**GIVEN RECORDS:**
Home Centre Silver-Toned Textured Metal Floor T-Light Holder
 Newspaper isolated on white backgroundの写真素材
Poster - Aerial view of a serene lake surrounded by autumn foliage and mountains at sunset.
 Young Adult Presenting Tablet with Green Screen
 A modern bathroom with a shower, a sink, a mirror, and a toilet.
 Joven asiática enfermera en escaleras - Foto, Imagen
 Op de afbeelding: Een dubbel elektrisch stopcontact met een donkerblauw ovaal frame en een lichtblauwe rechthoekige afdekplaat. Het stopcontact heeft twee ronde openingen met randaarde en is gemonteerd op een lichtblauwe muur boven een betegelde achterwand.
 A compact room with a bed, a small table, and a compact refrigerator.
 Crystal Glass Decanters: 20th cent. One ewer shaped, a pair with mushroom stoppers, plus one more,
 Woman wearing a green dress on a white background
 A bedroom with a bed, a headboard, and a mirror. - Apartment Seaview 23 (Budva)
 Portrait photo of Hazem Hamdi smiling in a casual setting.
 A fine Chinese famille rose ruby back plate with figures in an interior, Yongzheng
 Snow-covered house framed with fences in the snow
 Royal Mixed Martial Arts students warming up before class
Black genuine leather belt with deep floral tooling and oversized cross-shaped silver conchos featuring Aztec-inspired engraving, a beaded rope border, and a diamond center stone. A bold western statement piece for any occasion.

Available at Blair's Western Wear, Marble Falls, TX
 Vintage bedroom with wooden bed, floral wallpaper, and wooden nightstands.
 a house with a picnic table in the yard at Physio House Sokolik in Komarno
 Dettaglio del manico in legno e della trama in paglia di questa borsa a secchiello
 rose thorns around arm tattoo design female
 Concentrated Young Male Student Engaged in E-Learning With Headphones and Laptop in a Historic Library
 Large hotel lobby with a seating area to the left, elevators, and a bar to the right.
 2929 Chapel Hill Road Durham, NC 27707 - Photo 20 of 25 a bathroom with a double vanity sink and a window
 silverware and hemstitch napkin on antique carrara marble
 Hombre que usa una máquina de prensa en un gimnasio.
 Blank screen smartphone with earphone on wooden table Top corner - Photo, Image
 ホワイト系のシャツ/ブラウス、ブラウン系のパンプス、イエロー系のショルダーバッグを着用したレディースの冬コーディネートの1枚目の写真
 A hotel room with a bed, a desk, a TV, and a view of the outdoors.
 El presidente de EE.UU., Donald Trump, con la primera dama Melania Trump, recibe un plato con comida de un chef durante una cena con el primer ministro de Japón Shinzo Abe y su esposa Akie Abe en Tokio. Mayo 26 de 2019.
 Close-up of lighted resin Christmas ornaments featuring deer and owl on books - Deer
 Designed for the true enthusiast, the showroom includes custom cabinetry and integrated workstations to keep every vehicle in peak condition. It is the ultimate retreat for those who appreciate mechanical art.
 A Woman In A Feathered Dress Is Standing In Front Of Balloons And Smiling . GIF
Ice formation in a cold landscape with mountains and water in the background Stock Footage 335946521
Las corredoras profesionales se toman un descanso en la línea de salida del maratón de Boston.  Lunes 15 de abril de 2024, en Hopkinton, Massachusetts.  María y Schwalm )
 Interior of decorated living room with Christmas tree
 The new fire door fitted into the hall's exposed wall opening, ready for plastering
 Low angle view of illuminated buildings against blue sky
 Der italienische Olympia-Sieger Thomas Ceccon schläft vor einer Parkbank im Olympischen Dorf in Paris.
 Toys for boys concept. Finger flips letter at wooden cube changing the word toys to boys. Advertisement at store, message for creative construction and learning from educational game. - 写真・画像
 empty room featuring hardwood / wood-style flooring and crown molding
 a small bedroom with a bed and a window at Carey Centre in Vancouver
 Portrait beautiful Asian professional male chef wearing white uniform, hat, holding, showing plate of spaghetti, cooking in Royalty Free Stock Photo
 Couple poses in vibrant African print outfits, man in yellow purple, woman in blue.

**TASK TO CARRY OUT:**
Using the records above, copy word for word the line with "Blank screen smartphone", the line with "A hotel room", and every line between them.

**OUTPUT OF THE EXERCISE:**
 Blank screen smartphone with earphone on wooden table Top corner - Photo, Image
 ホワイト系のシャツ/ブラウス、ブラウン系のパンプス、イエロー系のショルダーバッグを着用したレディースの冬コーディネートの1枚目の写真
 A hotel room with a bed, a desk, a TV, and a view of the outdoors.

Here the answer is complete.